The Beatles make their debut at The Cavern Club, Liverpool, England, UK, Europe, with a lunch-time session.

Full article:

Bob Wooler (deejay) : The Cavern opened in January 1957 as a jazz cellar. It was a disused basement in Matthew Street.

Louise Harrison (George's mother) : It was really a dump. There was no air at all. The sweat just used to drip off them, or off the walls and onto the amps and fuse them. But they'd just carry on all the same, singing on their own.

Gerry Marsden [Gerry And The Pacemakers] : The Cavern was a small, smelly cellar that looked like a train tunnel, basically. It was great. All the kids came down and it stank of disinfectant because they used to clean it out with tons of the stuff. It was great place to play in, but there were another hundred places in Liverpool that were just the same.

Liz Hughes (Cavern regular) : The Cavern door was literally a hole in the wall. It had an arched doorway, painted at the top in red, white and blue, with 'The Cavern' scrawled up on one side. It was originally done by Paddy Delaney, who worked there. They couldn't afford a nameplate.

Paddy Delaney (bouncer, the Cavern) : The first one I ever saw was George Harrison. In those days, hairstyles were very strict and tidy, but George's hair was down to his collar. He was very scruffy and hungry-looking. I remember him ambling down the middle of the street and, for a minute, I didn't think he was coming into The Cavern. I stopped him at the door and asked him if he was a member. Of course, I knew he wasn't, and he said no, he was with The Beatles. Now, we'd heard a lot about The Beatles over the previous weeks and I knew they were on that particular night, so I let him in even though he was wearing blue jeans.
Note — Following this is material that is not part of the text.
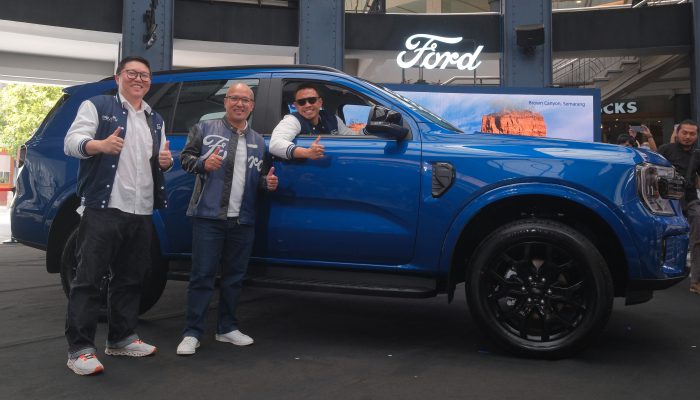 Next-Gen Ford Everest Sport Resmi Mengaspal, SUV Tangguh dengan Sentuhan Sporty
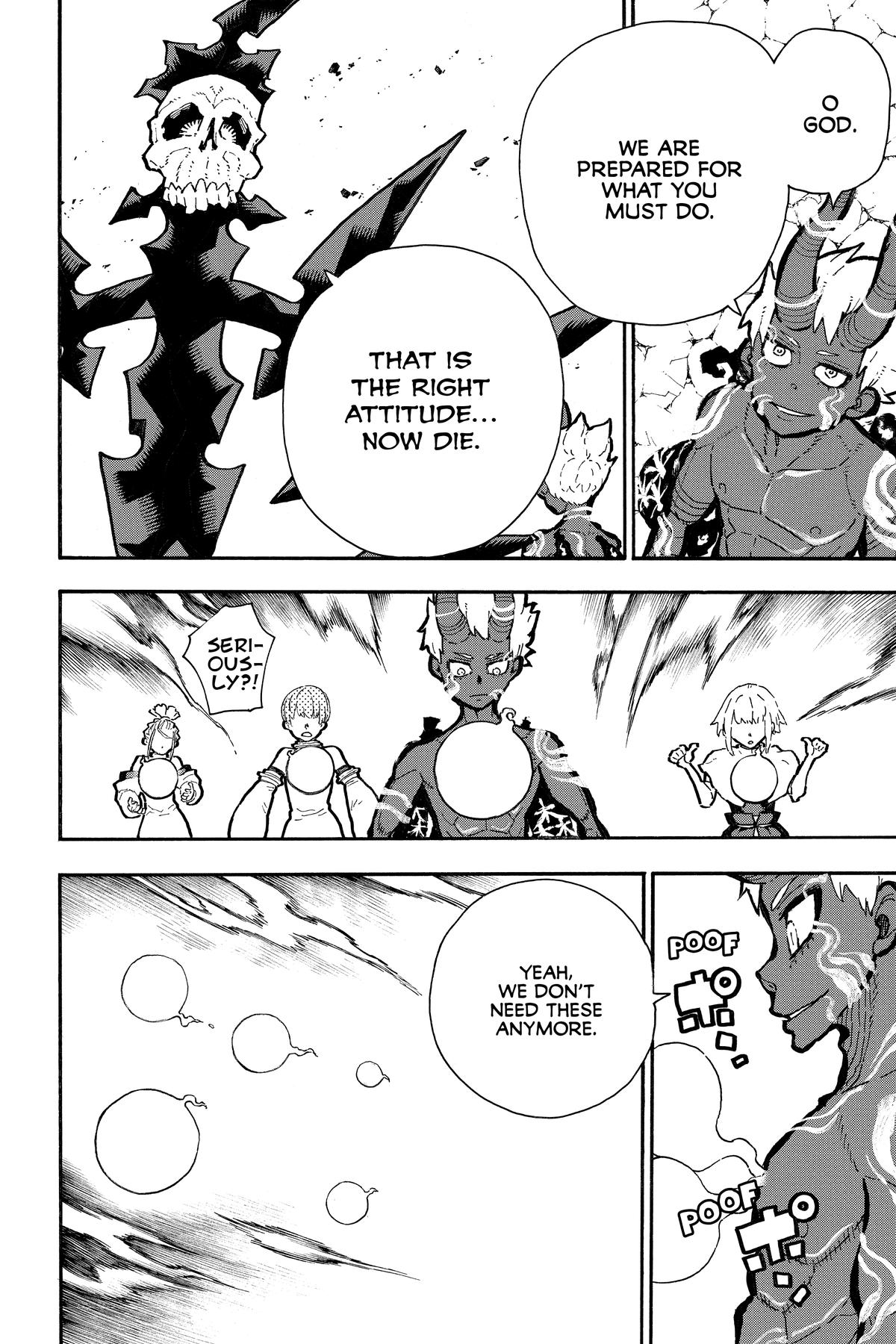 Read Fire Force Manga Online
About fifteen minutes later, Paul McCartney tumbled down the street with John Lennon in close pursuit. Paul was carrying his bass guitar and John had his hands dug deep into his pockets. I had an idea they were with George because they all had the same sort of hairstyle. It wasn't quite a Beatle-cut then, but it was still well past their collars.

A little while after they strolled in, a taxi pulled up in front of the club and out came their drummer, Pete Best. He was carrying The Beatles first sound system, which consisted of two cheap chipboard speakers and a beat-up-looking amplifier. He also had a set of drums which he unloaded and took down the stairs.

Paul McCartney : We got a gig at The Cavern Club in Liverpool which was officially a blues club. We didn't really know any blues numbers. We loved the blues but we didn't know any blues numbers, so we had announcements like "Ladies and gentlemen, this is a great Big Bill Broonzy number called Wake Up Little Suzie. And they kept passing up little notes – 'This is not the blues, this is not the blues. This is pop.' But we kept going.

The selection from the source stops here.